Now, that is another message to which we’re going to come. Because what about the wimpy husband factor? What about the husbands who’ve never led from day one? What about the abnegation of leadership within the homes on the parts of men? What about these crazy characters who don’t know whether to put brown shoes on or black shoes on and walk around with one brown and one black, if that was necessary? Useless individuals! Useless to their children, useless to their wives. Useless characters! And how does a wife, then, make sense of the first six verses of 1 Peter 3 if she happens to be living in a home with a husband who has never submitted himself to his responsibility under God in leadership? But ladies, we’ve got to go six verses for you, and then one for the men. And that was what Peter did. I don’t think that we ought to read a great deal into that except what is there. All right?

Now, the principle in 1a, submission to the husband, is then followed by the possibility in 1b and in verse 2: “Wives, in the same way be submissive to your husbands so that, if any of them do not believe the word, they may be won over without [talk] by the behavior of their wives, when they see the purity and reverence of your lives.” The scenario would seem to be very clear: that here’s a pagan family, and as a result of the ministry of the gospel, the wife has come to faith in Jesus.
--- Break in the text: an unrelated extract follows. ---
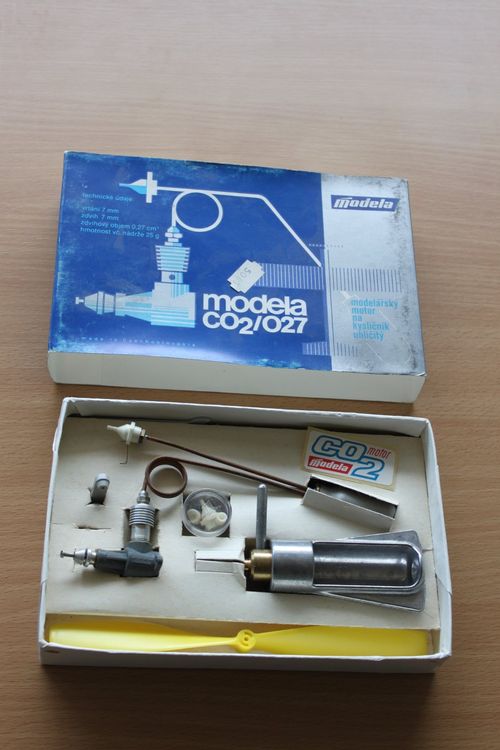 Modellmotor Modela CO2 / 027 (Neu und originalverpackt) in Grosswangen ...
So the wife now is living within the family unit, with a husband who actually, apart from simply being indifferent to the truth of the gospel, may be aggressively in opposition to it. Indeed, the phraseology in the original seems to suggest that. Now, given that the wife was ordinarily supposed to take on the religion of her husband, she immediately had a problem. What is to be done? It is this practical question which Peter addresses. This is right where his readers live their lives. What is to be done?

Well, Barclay entitles these two verses “The Silent Preaching of a Lovely Life.”[6] “The Silent Preaching of a Lovely Life.” What is a wife to do? The missionary impact of the Christian wife on a non-Christian husband is not going to come, says Peter, through the ears—note this—but through the eyes. Not through the ears primarily but through the eyes. The wife must resist the temptation to be constantly about the business of conveying her newfound belief to her husband through ear gate. The wife’s responsibility is not to ensure that her husband hears what she believes, but it is to make sure that her husband sees how she behaves.

Now, it’s relatively easy for us to let people hear what we believe, and it’s difficult for them to see how we behave. How is she to behave? She’s to be marked by two things: one, by purity in character and in conduct, and by reverence. Go back through the first two chapters; you’ll find reverence for God mentioned in 1:17, 2:17. The reverence for God is going to display itself in her submission within the home.

Now, notice: he says this won’t take place in a vacuum. And the progression of his thinking seems to me, at least, that when he says, “The behavior of the wife will be marked in purity and in reverence,” what does that mean, Peter? I mean, how is this going to display itself? Then he immediately goes on to speak about a lady’s beauty as well as a lady’s behavior. Before she was converted, the wife had the normal preoccupations of the pagan world. But now, because of a transformation which has taken within, she has a whole new approach to life. And the husband sees an outward change in his wife as a result of an inward transformation which he cannot see. And in verses 3–4, the contrasts are very clear between the outward and the inward, between beauty which is stuck on from the outside and which is produced from the inside, between a loud person and a quiet person, between changing styles of fashion and unfading gems of beauty.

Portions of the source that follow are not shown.